Bülent Okutan
17 Kasım 2007
Urfa’nın en önemli sorunlarını sayın desem işsizlikle söze başlarsınız.
Trafik desem ;
Sadece Ramazan aylarında içinden çıkılmıyor, kangrene dönüşüyor diye yorumlarsınız. Ama kazın ayağı hiç de öyle değil. Nasıl ki işsizlik şanlıurfa’da ezeli ve ebedi bir sorun ise trafikte hep öyle oldu.
ışsizlik belki Cumhuriyetten bu yana süre gelen ve aşılamayan sıkıntıydı. Trafik ise sanırım yaklaşık çeyrek asırdır bu kentte aşılamayan bir mesele. Yani çok çok ezeli değil ama böyle giderse ebedi olacakmış gibi. Sorunun aşılamayan kısımları yok mu? Elbette var. Özellikle son üç-beş yılda önemli bazı adımlar atıldı. Oy kaygısı ile geçmişte kaldırılamayan at arabaları ve sepetli motosikletler artık yok. Bu cesaretli adımı atan oy kaygısız Fakıbaba’ya buradan teşekkür ediyorum. Kentte yeniden düzenlenen ana ve yan artel yollar ise sıkıntıyı yine bir ölçüde gideren unsurlar. Tabi ki yine teşekkürler Fakıbaba. Bir tıp doktoru olarak değil, bu kente neşter vuran Yerel ıdarenin Cerrahı olarak teşekkürler sana.
Peki sorun hala ne ve suçlu kim. Trafik konusunda?
Bence Emniyet Müdürlüğü Trafik şubesi.
Yıllardır izlerim. Bu kentte Emniyetin en pasif birimi bu şube olmuştur. Diğer birimler icraatları ile tarih, yazıp bu şehri, huzurun, asayişin, birliğin abidesi yapıp bir çok ilke imza atarken Trafik şubesi aktivitede silik kalmıştır. Önemli kavşaklara dikilen memurların bile vurdum duymazlığı ortadadır. Kentin kalbi Vilayet kavşağıdır. Bu kavşakta gün boyu birden fazla memura görev yazılmasına rağmen trafik arap saçıdır. Ne ışıklara uyan vardır, ne yayaya saygı duyan. Uymayanlara cezayi müeyyide mi ? Hak getire
Yazı ışleri Müdiremiz Ebru ile önceki akşam bir sohbetimizde bu trafik meselesini tartıştık. Ebru yaptığı bir Adana ziyaretinde çektiği fotoğrafı gösterdi bana.

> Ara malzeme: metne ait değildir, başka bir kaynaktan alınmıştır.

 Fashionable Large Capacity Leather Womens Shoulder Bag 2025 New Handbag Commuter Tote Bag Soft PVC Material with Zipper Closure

Bir kavşakta ki Yaya geçidinde çekilmiş bir fotoğraf. ‘Bülent ağbi bizde niye böyle ikazlar yok’ diye sordu. Adana’da ki levhada aynen şöyle yazıyor ;
‘Lütfen Yayalara yol veriniz’
Lütfen!…..
Hem yayalara yol vereceksiniz, hem de lütfedeceksiniz.
Olur…Nerdeeee…
Biz de bu levhalar yok ki, lütfetsinler.
Bu memlekette Yaya geçidinde yayaya yol vermeyen sürücüyü ikaz edecek Trafik Polisi yok ki. Tek yönlü yolların girişinde kurallara uymayanı cezalandırıp caydıracak Trafik Polisi hiç yok. Otopark sorunu bu kadar bariz iken geçici duruşlara engel için dükkanlarının önüne dandik bir levha koyup park yasağını kafasına göre uygulayan zorba esnafa dur diyen de yok.
Peki trafik polisleri nerede?
O yoğun trafikte otomobillerinin içinde ve sadece ve sadece ikaz da. Elin memleketinde Simitçi, ayakkabı boyacısı kamuflajlı trafikçiler ellerinde telsiz, pusuda görev yaparken, bizimkiler yoğun trafikte araçlarındalar. Ve dahası o trafiğin içindeler. Kendileri bile araçları ile kilitlenmiş akışta, bazen yol bulamıyorlar çıkacak. Bir sinirlenip, bağırarak megafonla ikaz ediyorlar ki, insan gülmekten kendini alamıyor. Yav bari siz trafiğe çıkmayın da üç-beş araç hafiflesin, trafik biraz rahatlasın beyler. Nasıl olsa, ne siz trafiğin içinden çıkabiliyorsunuz, nede biz. Bırakın da içinden çıkamayan sadece biz olup yağımızda kavrulalım. Bu tarz bir çalışma fayda getirmiyor belli artık. Stil bu değil. Çözümün bir parçası değilseniz, sorunun olmayın hiç değilse.
Velhasıl bu kentin trafiği düdüklenmiş ve kilitlenmiş çözebilene de aşk olsun.